Avant d’arriver au Kurdistan, sa tribu vivait dans les zones près du désert. « Les arabes ont été installés  par l’Etat syrien dans les régions où vivaient les kurdes. A tel point que les kurdes ont été privés de leur terre.   L’Etat ressemblait en générale les arabes dans un village ou dans une zone, mais mes parents ont préféré de rester avec les kurdes malgré les pressions » raconte-elle.

Le régime syrien avait mis en œuvre en 1962 sa politique « Ceinture Arabe » prévoyant expulser toute la population kurde de la région de Djazira (Cîzre en Kurde) le long de la frontière turque et de la remplacer par des Arabes.
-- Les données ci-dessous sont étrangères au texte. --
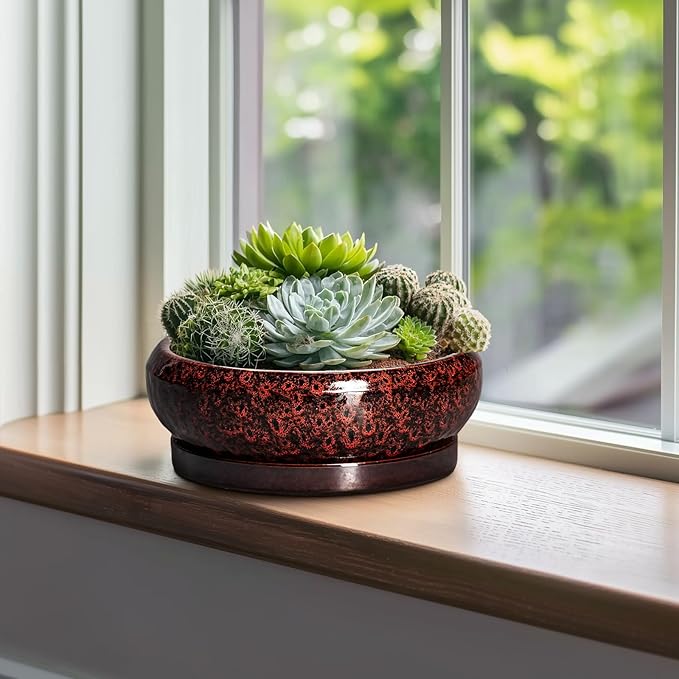Bonsai Tree Pots - 10 Inch Ceramic Succulent Planters for Indoor Outdoor, Bonsai Pots with Drainage Hole and Saucer, Shallow Round Planter, Planter Bowl, Patio Decor, Gifts for Women, Red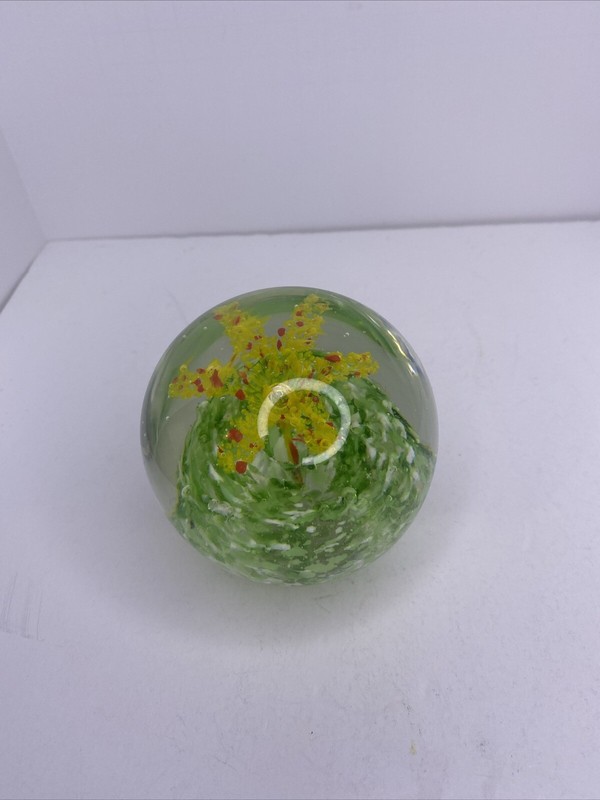 Vintage James Alex Yellow & Orange Flower and Multi Green Paperweight-Large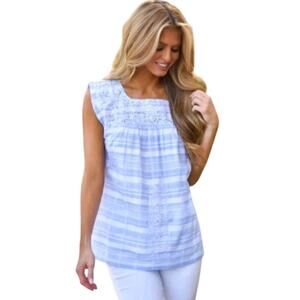 J Marie Embroidered Coastal Tank Top Blouse - Blue Stripe Sleeveless Medium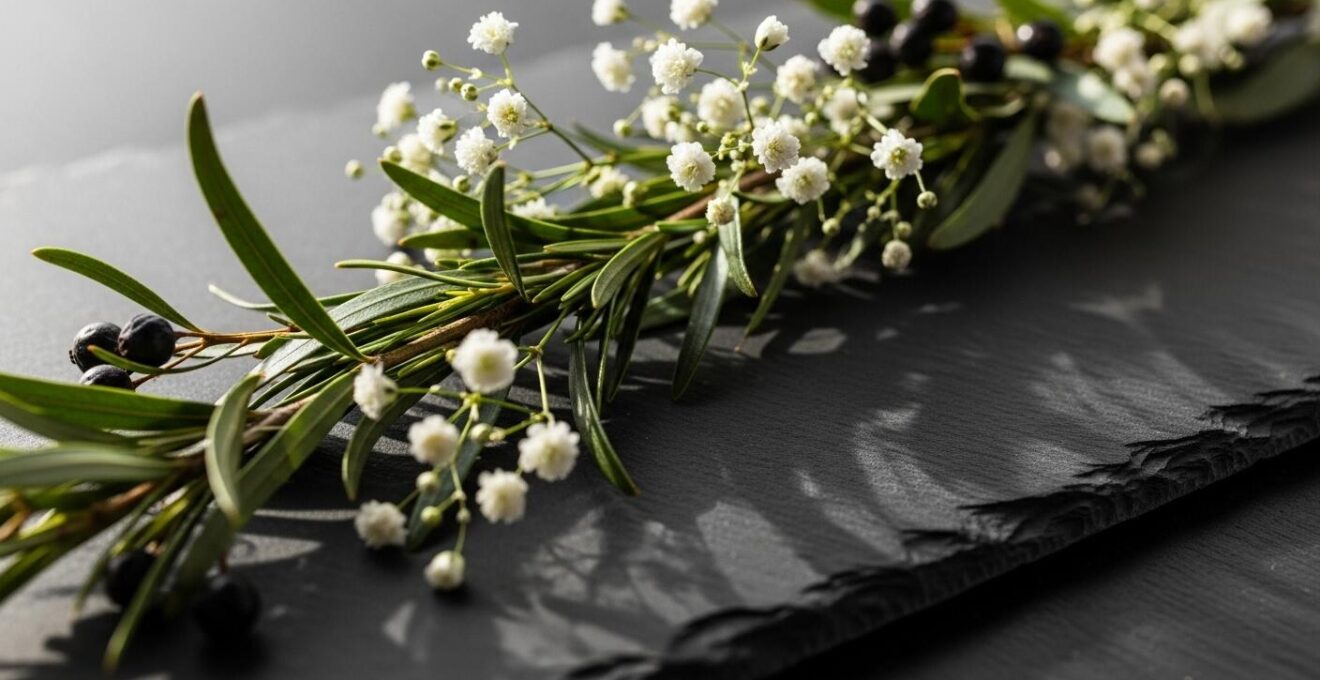 Close-up d’un plan de table de mariage artistique sur ardoise orné de fleurs et éléments décoratifs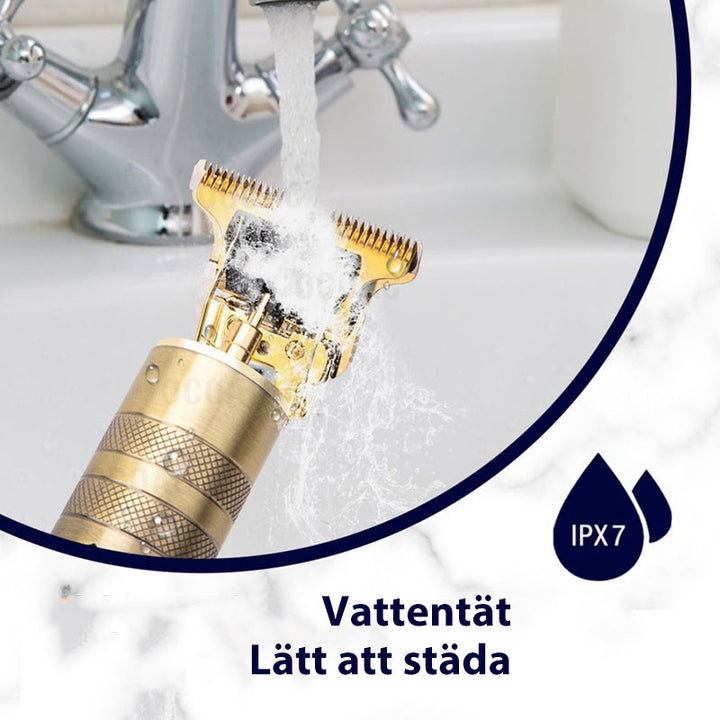 "Trådlös herrhårtrimmer med sylvasst T-blad, USB-laddning, två lägen och säker R-bladsdesign för precis grooming."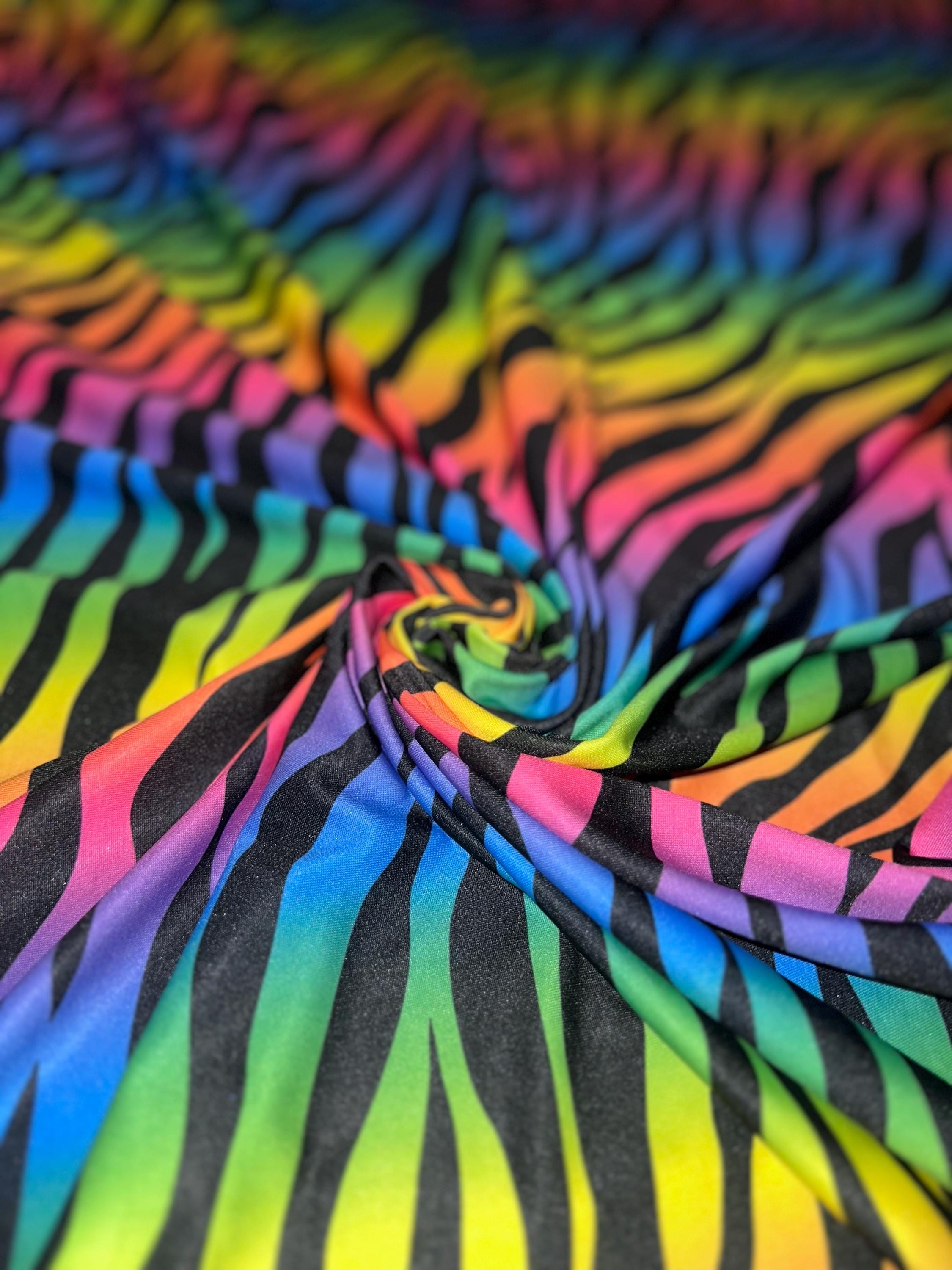 Shiny Zebra Ropets Rainbow Crazy Zebra on Spandex - Etsy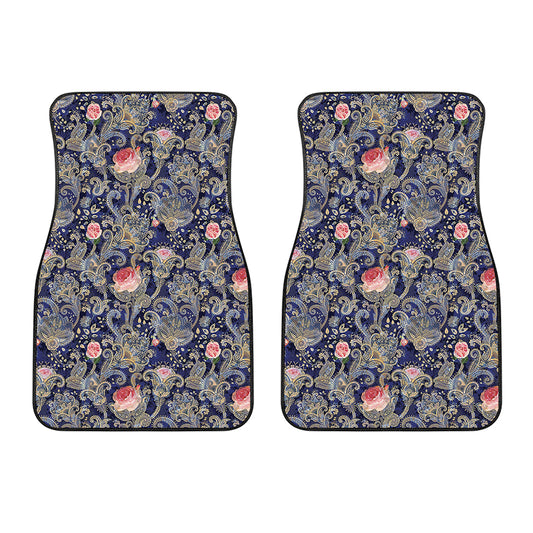 Indian Rose Paisley Pattern Print Front Car Floor Mats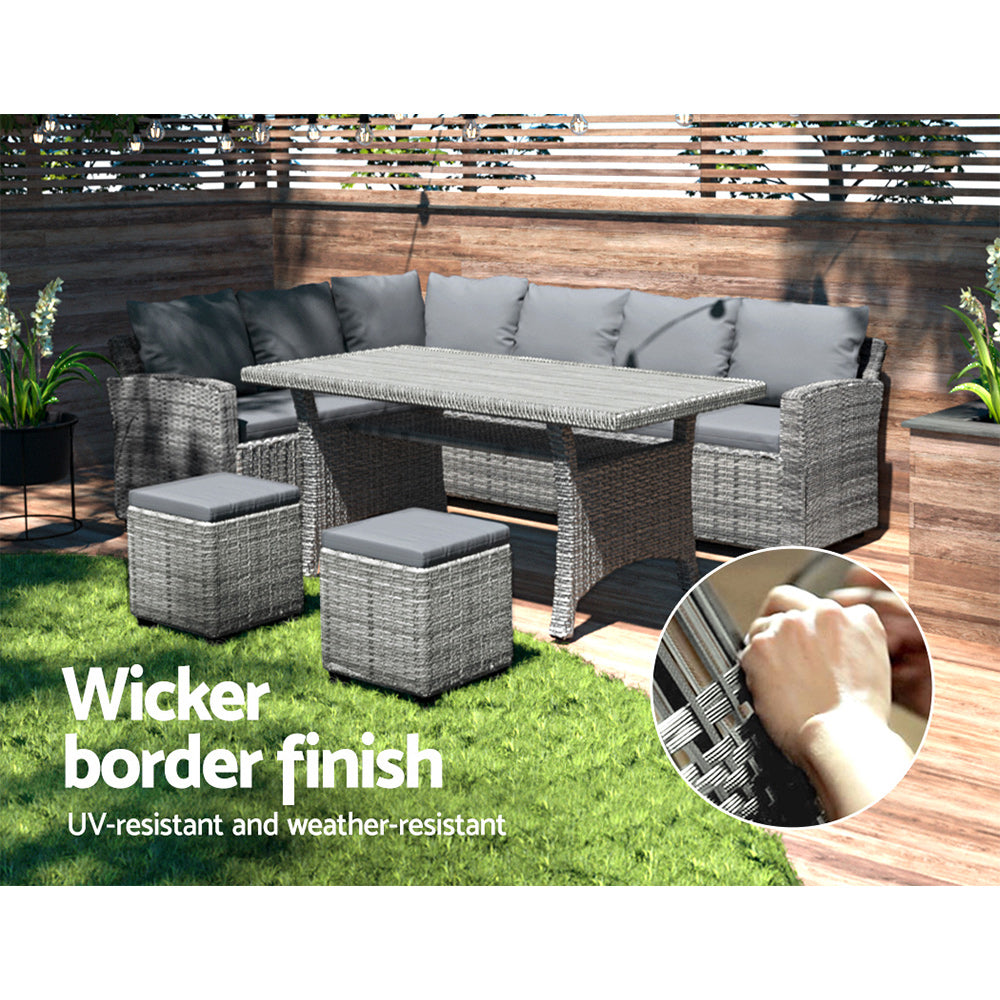 Gardeon 9-Seater Outdoor Dining Set Patio Furniture Wicker Lounge Table Chairs Gardeon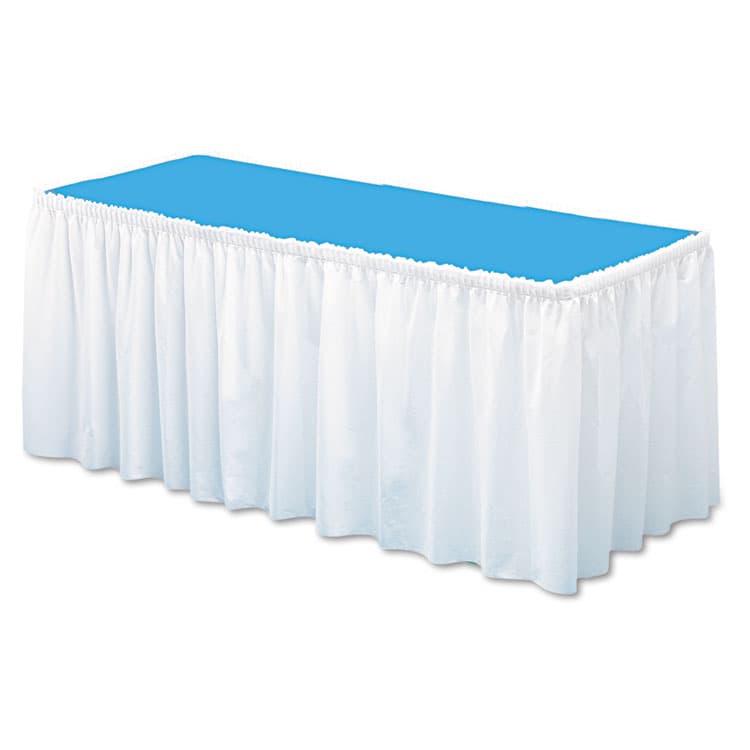TABLEMATE PRODUCTS, CO. Table Set Linen-Like Table Skirting, Polyester, 29" x 14 ft, White (TBLLS2914WH) thumbnail 2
Plus de 300 000 Kurdes syriens privés de papiers d'identité avaient été forcés de vivre comme des étrangers dans leur  pays natal.

Ne cédant pas aux pressions du régime et à la saisie de leurs terrains, les parents de Yekbun ont refusé d’abandonner les kurdes. Dans les années 1990, ses parents commencent à aider le PKK, ce qui ajoute une dimension politique à leur vie. « J’ai été la plus influencée par le PKK, mais mes parents ne voulaient que je rejoigne les rangs du parti car j’étais une femme » dit-elle.  

Malgré les insistances de ses parents, Yekbun commence à participer aux activités du PKK comme une milice. En 2001, elle rejoint l’organisation et devient une combattante.  « Lorsque j’ai vu les montagnes du Kurdistan, je me suis dit qu’aucune force ne pourra vaincre la guérilla » poursuit-elle.

Plus de 40 % des combattants du PKK sont femmes. Elles sont représentées à titre égal dans toutes les branches de l’organisation dirigée par un système de co-présidence.  En outre, les femmes kurdes ont leur propre organisation armée, l’Union des femmes libres (Yja-Star), qui compte entre 1500 et 2000 combattantes.

Yekbun affirme : « J’ai mieux compris le rôle de la lutte dont je fais partie face à l’histoire, en connaissant l’histoire de mon peuple et celle de la femme. Mon engagement envers le PKK et ma confiance en tant qu’une femme arabe sont renforcés » 

Pour elle, le PKK est une rencontre des cultures, affirmant que cette organisation armée et populaire compte dans ses rangs beaucoup de combattants venus de différents pays.  « J’ai rencontré plusieurs guérilleros qui n’étaient pas d’origines kurdes. Chaque peuple connait son histoire, mais il la connait mieux chez le PKK » ajoute-elle.